(What the task asks): The answer is the data repeated in full, with no pictures included.

··· Material supplied ···

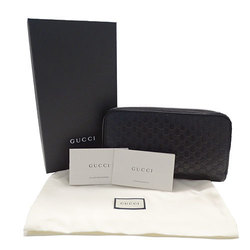 GUCCI Wallet for Women and Men, Long Wallet, Leather, Micro GG, Shima, Black, 544473, Round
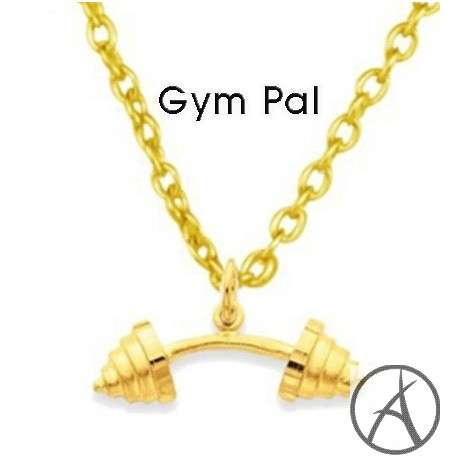 Gym Pal - High Quality Gold Plated Bend Barbell Fitness Gym Necklaces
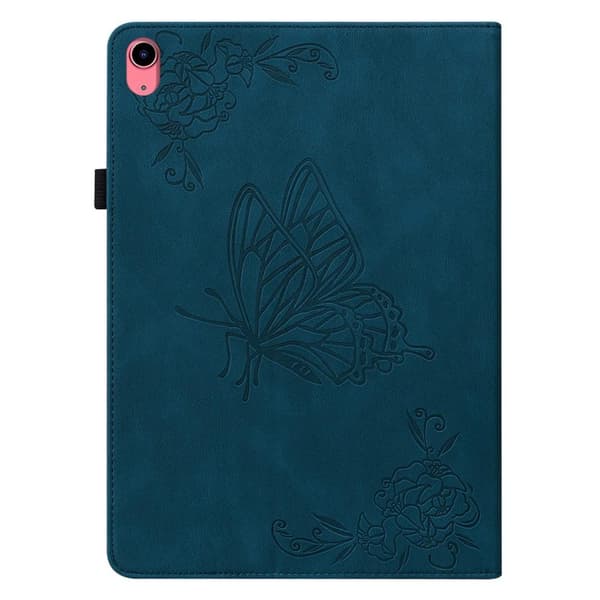 Apple iPad 10.9 2022 Sammenleggbart Veske Kortholder Sommerfugl - Blå Blue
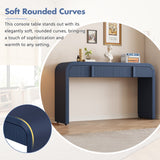 English Elm Trexm Unique Modern Rounded Silhouette and Smooth Surface Console Table With 2 Drawers For Living Room and Entryway(Navy Blue)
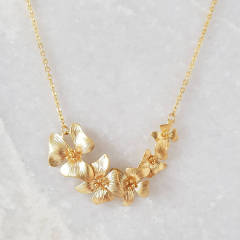 Sterling Silver Delicate Gold Drop Flower Necklace For Party and Wedding
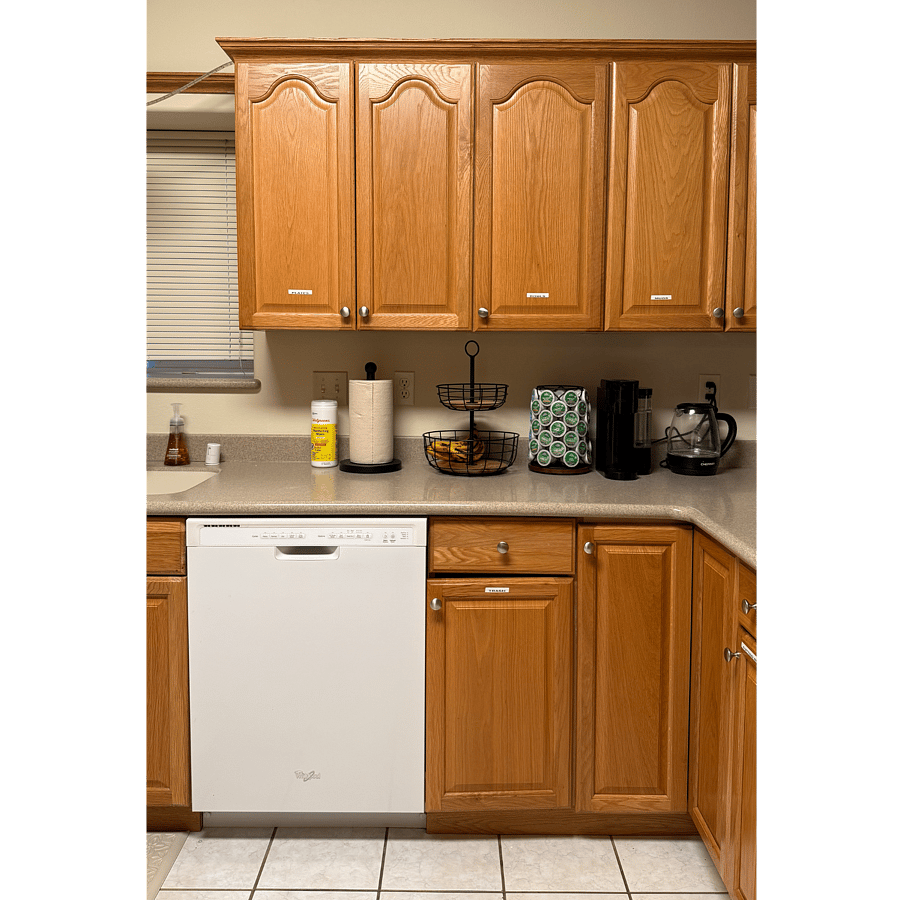 Fully stocked shared kitchen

···

(Output of the exercise):
 GUCCI Wallet for Women and Men, Long Wallet, Leather, Micro GG, Shima, Black, 544473, Round
 Gym Pal - High Quality Gold Plated Bend Barbell Fitness Gym Necklaces
 Apple iPad 10.9 2022 Sammenleggbart Veske Kortholder Sommerfugl - Blå Blue
 English Elm Trexm Unique Modern Rounded Silhouette and Smooth Surface Console Table With 2 Drawers For Living Room and Entryway(Navy Blue)
 Sterling Silver Delicate Gold Drop Flower Necklace For Party and Wedding
 Fully stocked shared kitchen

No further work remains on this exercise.